_Work instruction:_
Every entry needs to be written out again exactly, with its pictures removed.

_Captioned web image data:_
*** Block opens ***

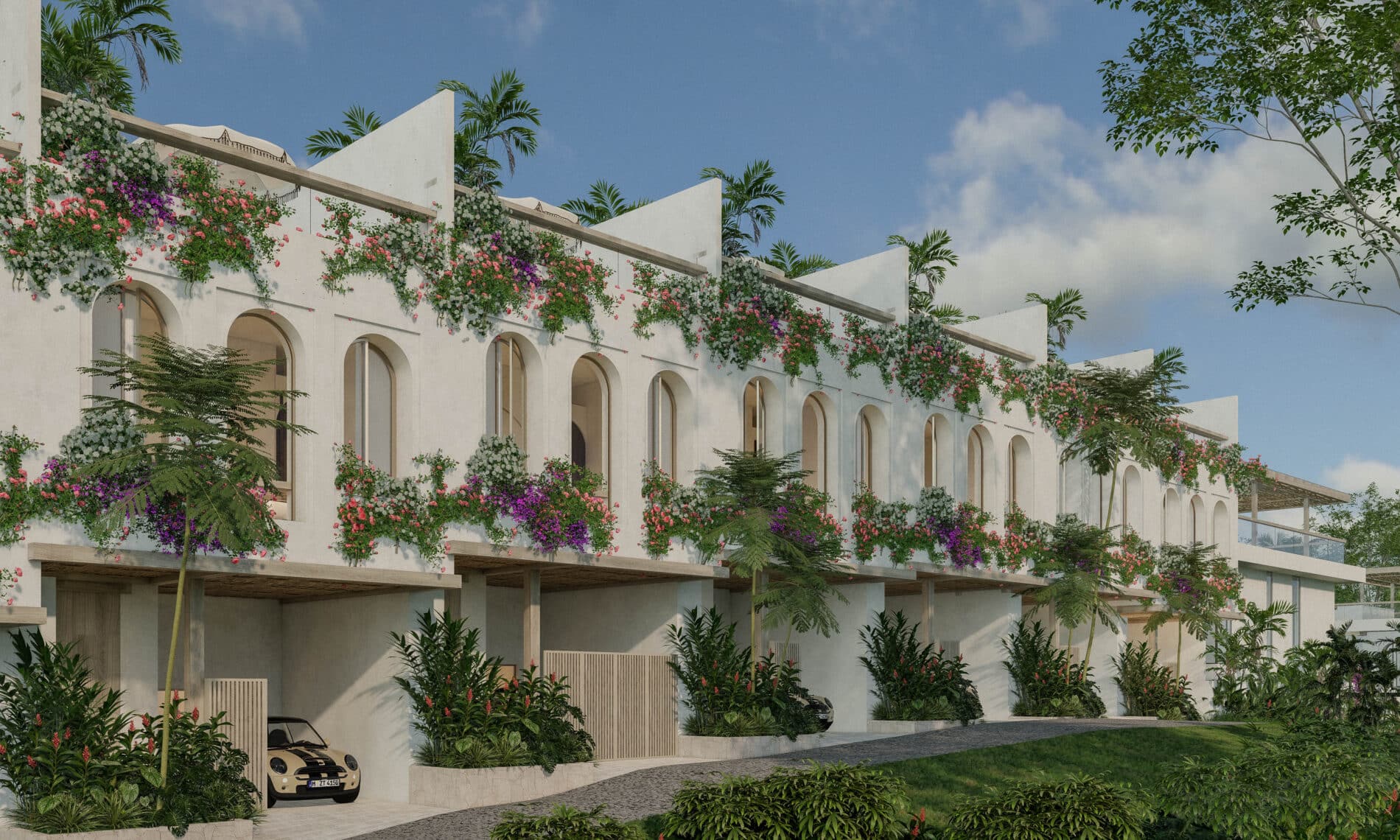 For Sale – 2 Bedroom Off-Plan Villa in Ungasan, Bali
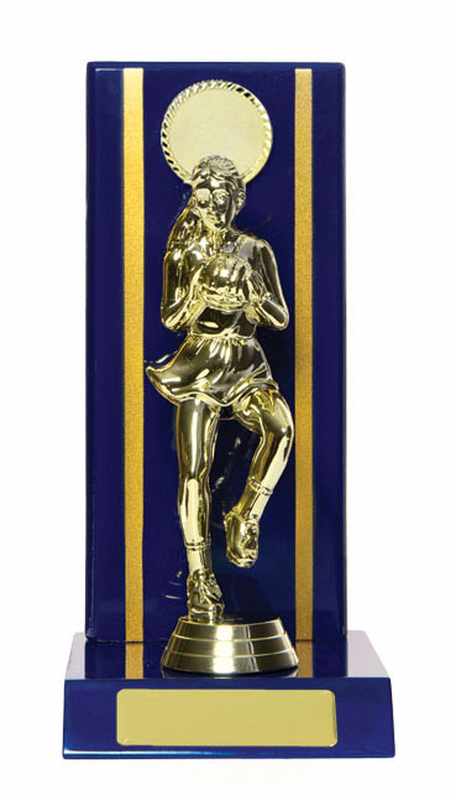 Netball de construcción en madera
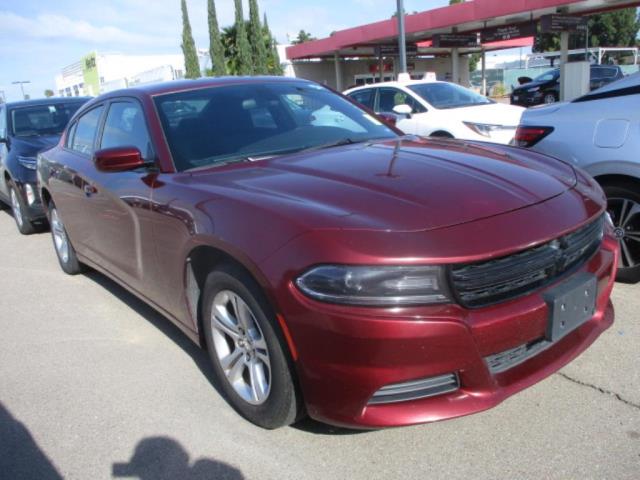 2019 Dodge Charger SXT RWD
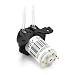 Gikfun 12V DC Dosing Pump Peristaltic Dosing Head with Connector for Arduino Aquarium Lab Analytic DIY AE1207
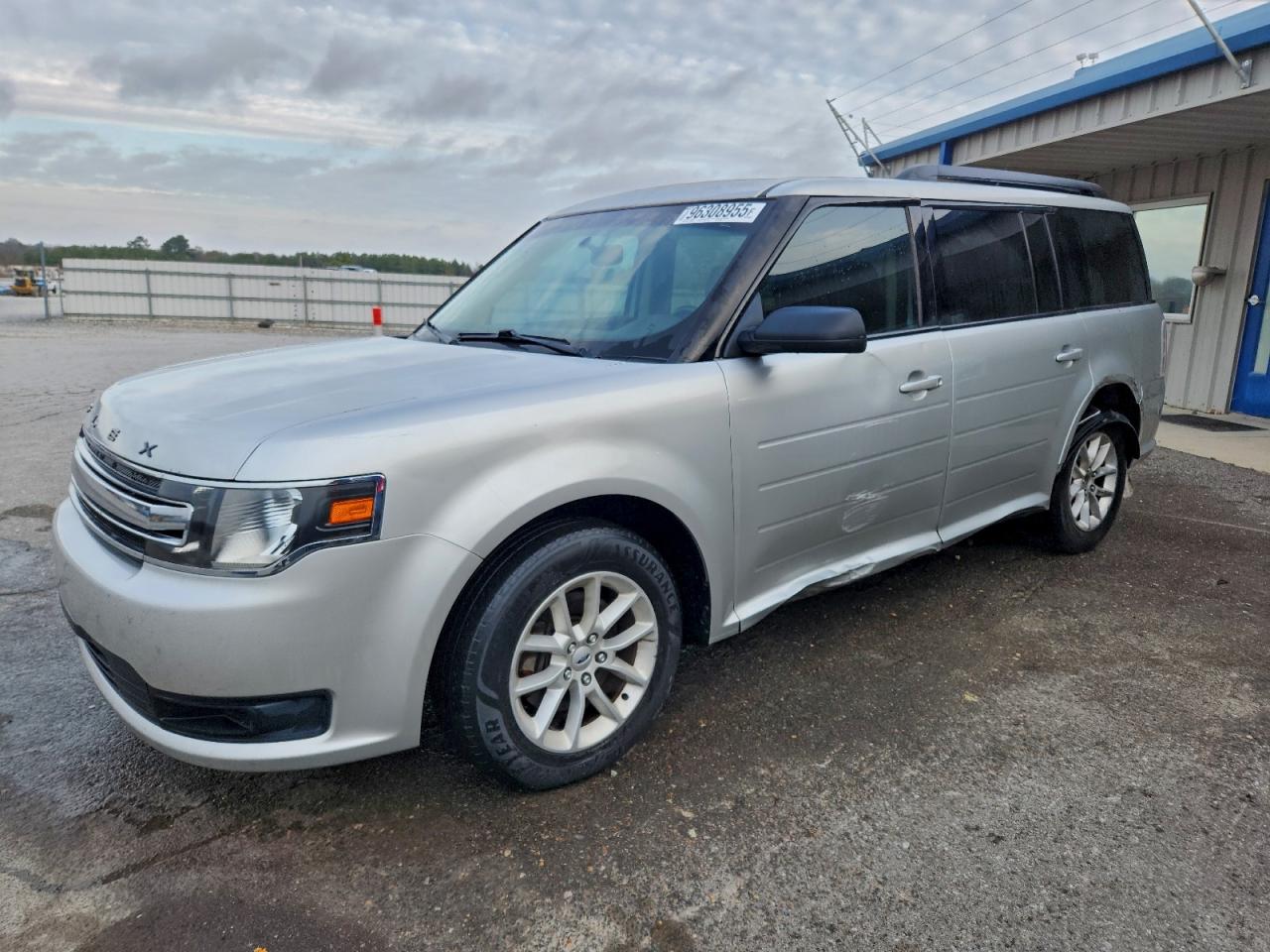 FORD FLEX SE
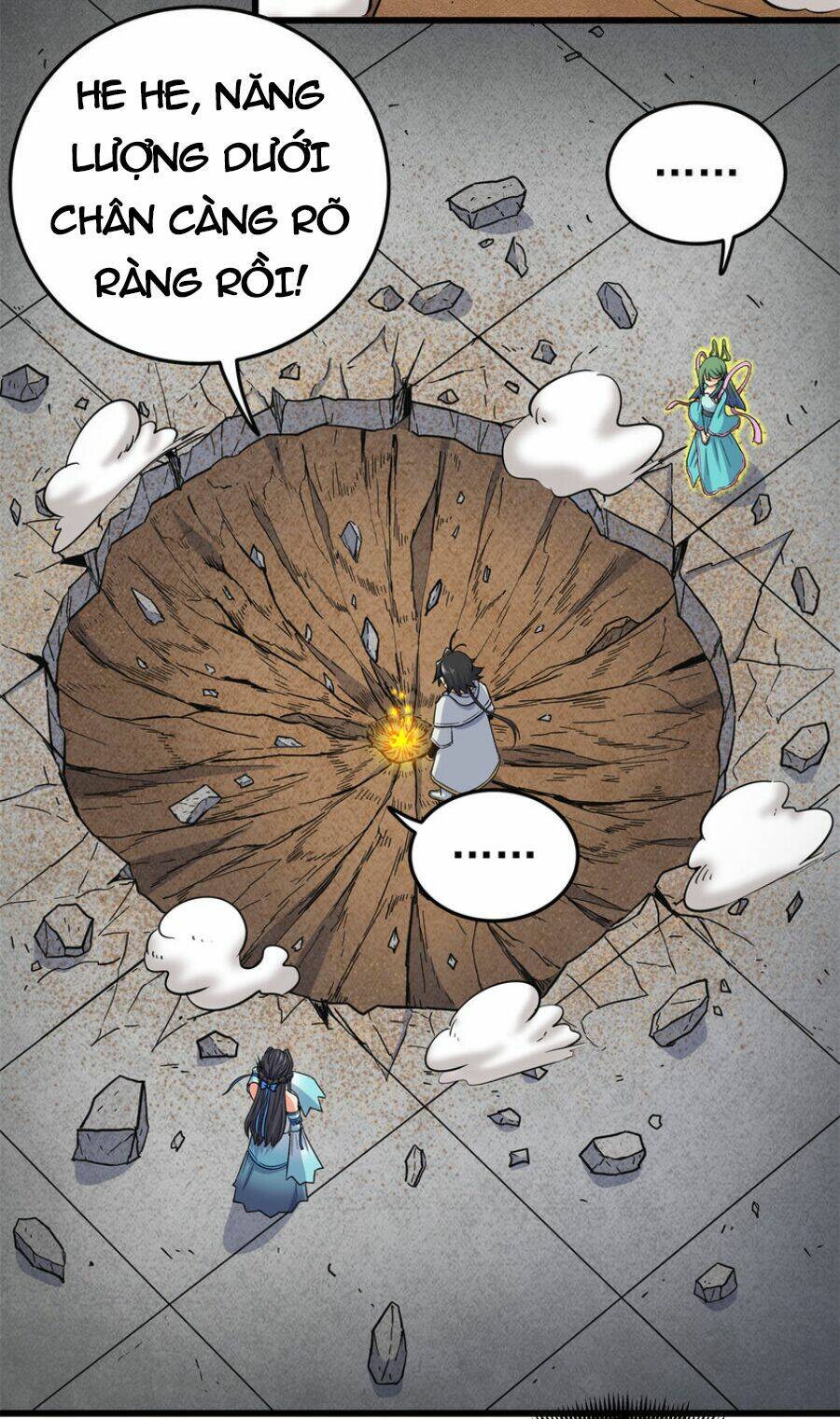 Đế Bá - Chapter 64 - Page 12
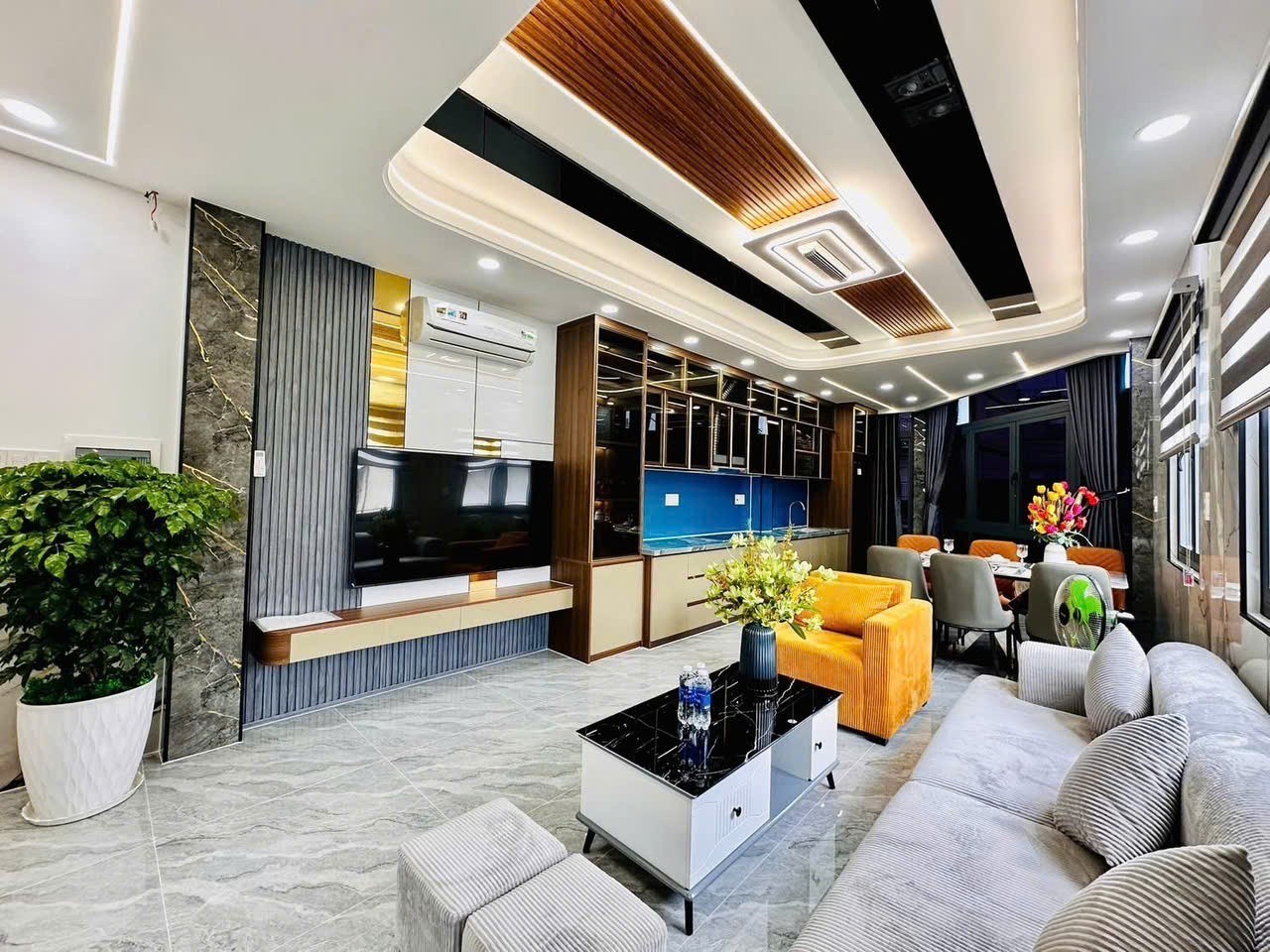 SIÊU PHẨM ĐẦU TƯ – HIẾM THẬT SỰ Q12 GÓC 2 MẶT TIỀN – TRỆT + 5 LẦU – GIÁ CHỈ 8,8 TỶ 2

*** Block closes ***

_Output for this task:_
 For Sale – 2 Bedroom Off-Plan Villa in Ungasan, Bali
 Netball de construcción en madera
 2019 Dodge Charger SXT RWD
 Gikfun 12V DC Dosing Pump Peristaltic Dosing Head with Connector for Arduino Aquarium Lab Analytic DIY AE1207
 FORD FLEX SE
 Đế Bá - Chapter 64 - Page 12
 SIÊU PHẨM ĐẦU TƯ – HIẾM THẬT SỰ Q12 GÓC 2 MẶT TIỀN – TRỆT + 5 LẦU – GIÁ CHỈ 8,8 TỶ 2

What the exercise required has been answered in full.